▶ **DATA SUPPLIED**:
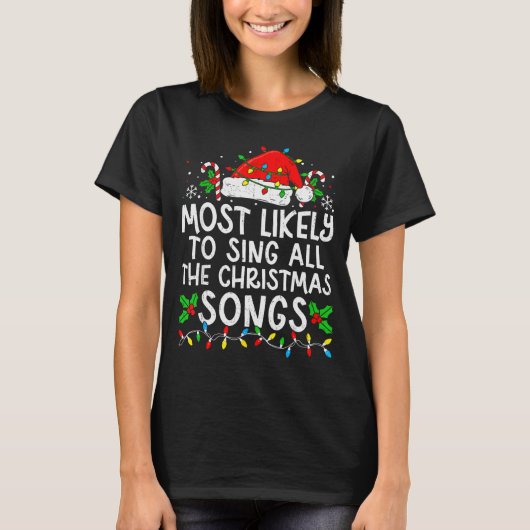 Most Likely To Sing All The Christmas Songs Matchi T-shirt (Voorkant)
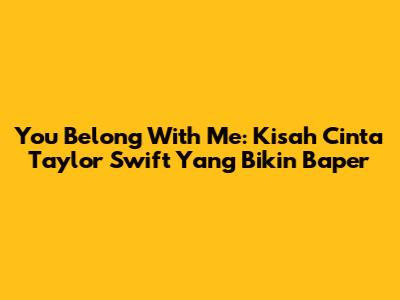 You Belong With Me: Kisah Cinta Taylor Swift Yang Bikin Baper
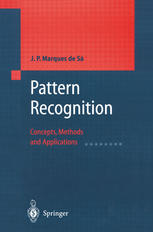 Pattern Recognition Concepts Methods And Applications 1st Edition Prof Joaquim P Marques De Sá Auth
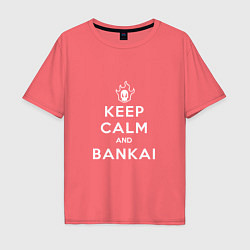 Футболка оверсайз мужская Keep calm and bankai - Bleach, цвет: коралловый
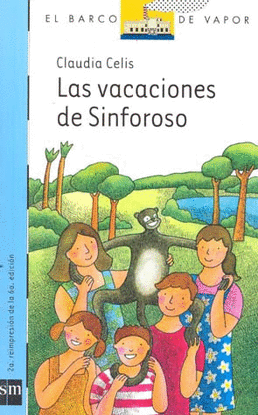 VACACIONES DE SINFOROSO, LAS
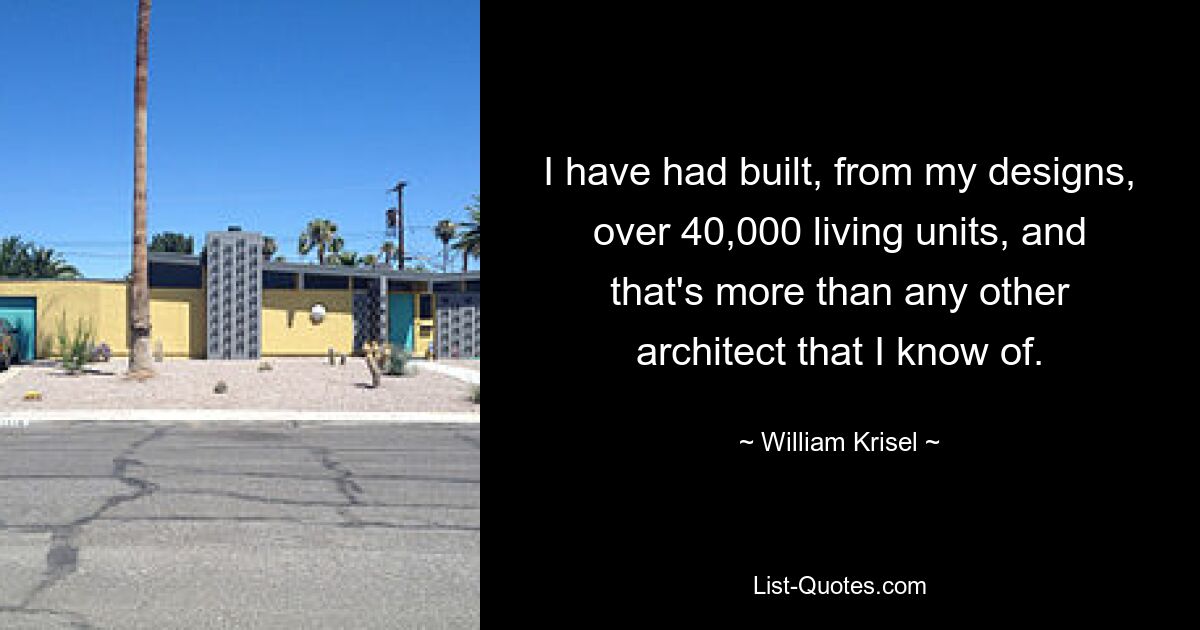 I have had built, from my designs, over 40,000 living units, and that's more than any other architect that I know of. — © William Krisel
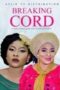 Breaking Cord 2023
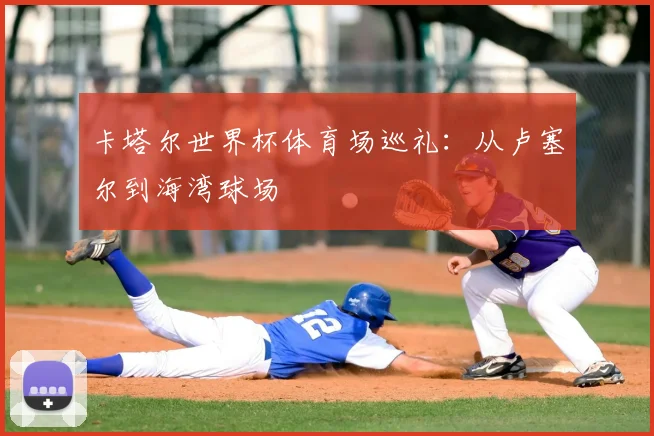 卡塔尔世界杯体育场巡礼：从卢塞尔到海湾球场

▶ **EXERCISE DESCRIPTION**: Exclude every image and return the material above exactly.

▶ **EXERCISE RESULT**:
 Most Likely To Sing All The Christmas Songs Matchi T-shirt (Voorkant)
 You Belong With Me: Kisah Cinta Taylor Swift Yang Bikin Baper
 Pattern Recognition Concepts Methods And Applications 1st Edition Prof Joaquim P Marques De Sá Auth
 Футболка оверсайз мужская Keep calm and bankai - Bleach, цвет: коралловый
 VACACIONES DE SINFOROSO, LAS
 I have had built, from my designs, over 40,000 living units, and that's more than any other architect that I know of. — © William Krisel
 Breaking Cord 2023
 卡塔尔世界杯体育场巡礼：从卢塞尔到海湾球场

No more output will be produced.